Eventually, the patriotic consensus frayed around the edges. Workers became frustrated seeing their sacrifices unmatched by their employers who were enjoying unparalleled profits. As a result, toward the end of the war, strike activity began to pick up. Still, the spirit of community was sufficiently strong to produce the high levels of productivity that caught the attention of Robert Lucas.

Similarly, Israel mobilized 15 percent of its labor force for the Yom Kippur War, but the Gross National Product declined only 5 percent (Maital 1982, p. 114). The decline in production might not seem to be as impressive as the experience of the United States, but remember the United States had time to adjust to the wartime demands, while the Yom Kippur War was a brief affair.

The wartime experiences of Japan and Germany offer even more powerful illustrations of the ability of people to overcome adversity. Jack Hirshleifer, an economist from the University of California at Los Angeles, reported that ten days of bombing raids during July and August 1943 destroyed half the buildings in Hamburg. Yet, within five months the city had regained up to 80 percent of its productive capacity (Hirshleifer 1987, pp. 32-33). The United States government was interested to find out what determined the effectiveness of the Allied bombing attacks. John Kenneth Galbraith, the famous Harvard University economist, assembled a team that included some of the most prominent economists in the world. These researchers found that bombing only made the Germans more resolute. According to the findings of the survey, "the air raids of 1943-4 ... may have kept up the tension of national danger, and created the requisite atmosphere for sacrifice" (cited in Galbraith 1994, p. 131; see also Galbraith 1981, p. 205; and Scitovsky 1991, p. 258).

On August 6, 1945, the United States Air Force dropped an atomic bomb on Hiroshima. The next day, electric power service was restored to surviving areas. One week later, telephone service restarted (Hirshleifer 1987, p. 34).

No doubt the Germans and the Japanese, like their counterparts in the United States, worked overtime to rebuild their economic capacity, but even trebling the average work day would not have sufficed to accomplish what they did. Their success in reconstructing their economy required enormous creativity and ingenuity.

We also see a more intensive development of new technologies during periods of crisis.

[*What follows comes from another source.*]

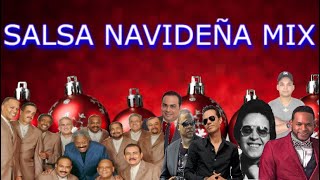 SALSA DE NAVIDAD MIX -  DJMASTER809 - salsa music from the 60s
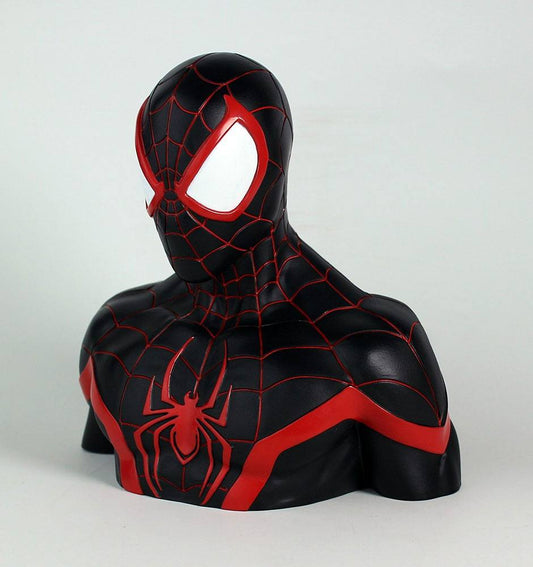 Spider-Man (Miles Morales) Sparegris - Byste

Ordinarily, the typical large corporation is timid about exploring new ideas, yet the same people, who typically display little creativity within the confines of the large corporations, are more inclined to promote great scientific breakthroughs under the urgency of war.

Based on his reading of Japanese history, Shigeto Tsuru, an important Japanese economist, proposed the concept of creative defeat, meaning that a horrendous defeat can unleash a torrent of energy and ingenuity. The end result can be an even greater level of economic development than would have occurred in the absence of the setback. In his words: "Japan is an example of a fantastically creative response to defeat. One recalls that Schumpeter used to puzzle the students of his 'Business Cycle' course ascribing the Japanese boom of 1924-1925 to the Great Kanto Earthquake of 1923. The defeat in the last war brought about, of course, a far greater scale of devastation in the economy of Japan, necessitating a fresh renovating start in almost every aspect" (Tsuru 1993, p. 67).

11 comments:

Shag from Brookline said...

So let's apply this reading to the goal of rebuilding Iraq and the US's responsibility as invader and occupier. Where is the "fresh renovating start in almost every aspect"? If Iraq were left to the Iraqis, might Iraq's recovery have been speeded up?

rosserjb@jmu.edu said...

Obviously this has much to do with how much support for the war there is in the first place. When one's own country is under attack, clearly there is much more support.
Bush, of course, tried to invoke 9/11 for our war in Iraq, but large numbers of people never bought into that, even if many did. And even the latter realized that the connection was at best vague and distant, that the war in Iraq was a war of choice on the other side of the globe, opposed by most of the world.

Of course, Schumpeter was also noting that command methods tend to get used in wars. Reportedly, Lenin was motivated to go to command by observing its use by the Germans in WW I. The effectiveness of it in wartime may explain why many command economies attempted to maintain a wartime atmosphere at all times, but this cannot be done. The "violation of economic theory" does involve the extraordinary, which cannot be maintained all the time, despite efforts at Stakhanovite "moral incentives" and all that.

Shag from Brookline said...

"I do not deny that many people are unmoved by patriotic fervor. Nor would I suggest that wartime profiteering is unknown. The point is that such individualistic motives recede during times of war, while more socially-oriented behavior becomes more common."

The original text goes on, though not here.